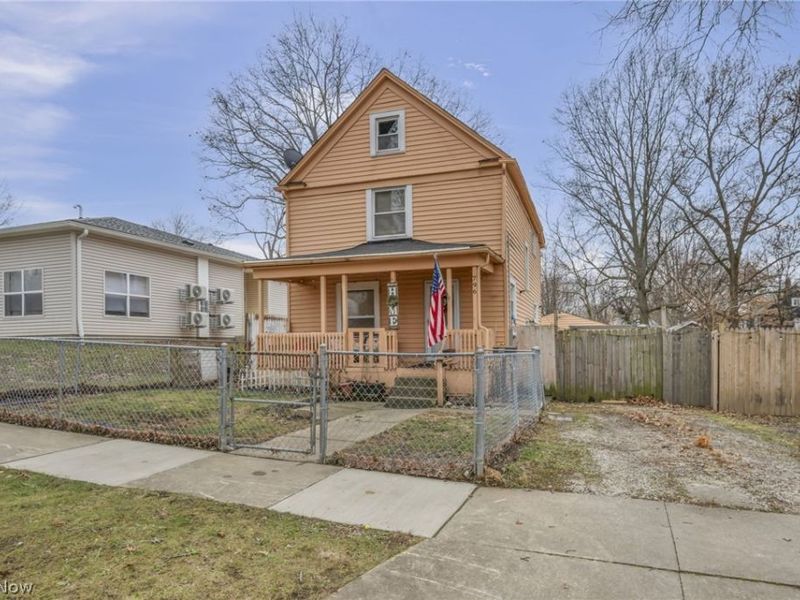 796 Allyn Street , Akron, OH 44311 Photo 2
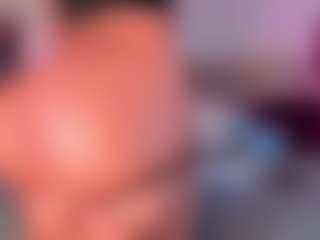 Scarlett Horny's Live Sex Cam Show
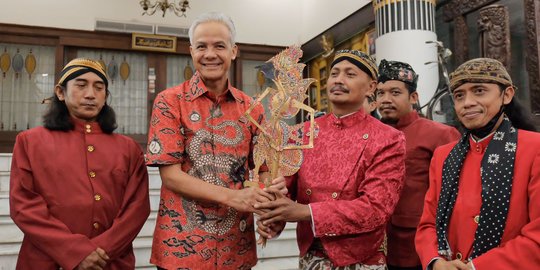 Ganjar Diberi Wayang Prabu Kresna dari Para Dalang dan Seniman, Begini Filosofinya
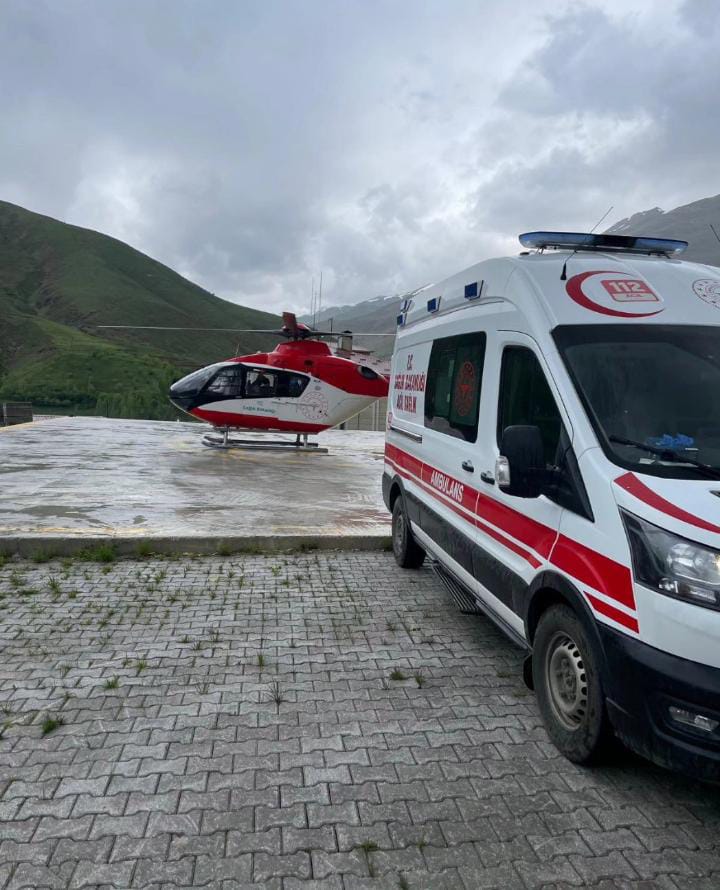 Ambulans helikopter apandisit teşhisi konulan hasta için havalandı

•••••

*Try it*
Give back the listing unchanged. Strip out the pictures.

*Solution to the problem*
 796 Allyn Street , Akron, OH 44311 Photo 2
 Scarlett Horny's Live Sex Cam Show
 Ganjar Diberi Wayang Prabu Kresna dari Para Dalang dan Seniman, Begini Filosofinya
 Ambulans helikopter apandisit teşhisi konulan hasta için havalandı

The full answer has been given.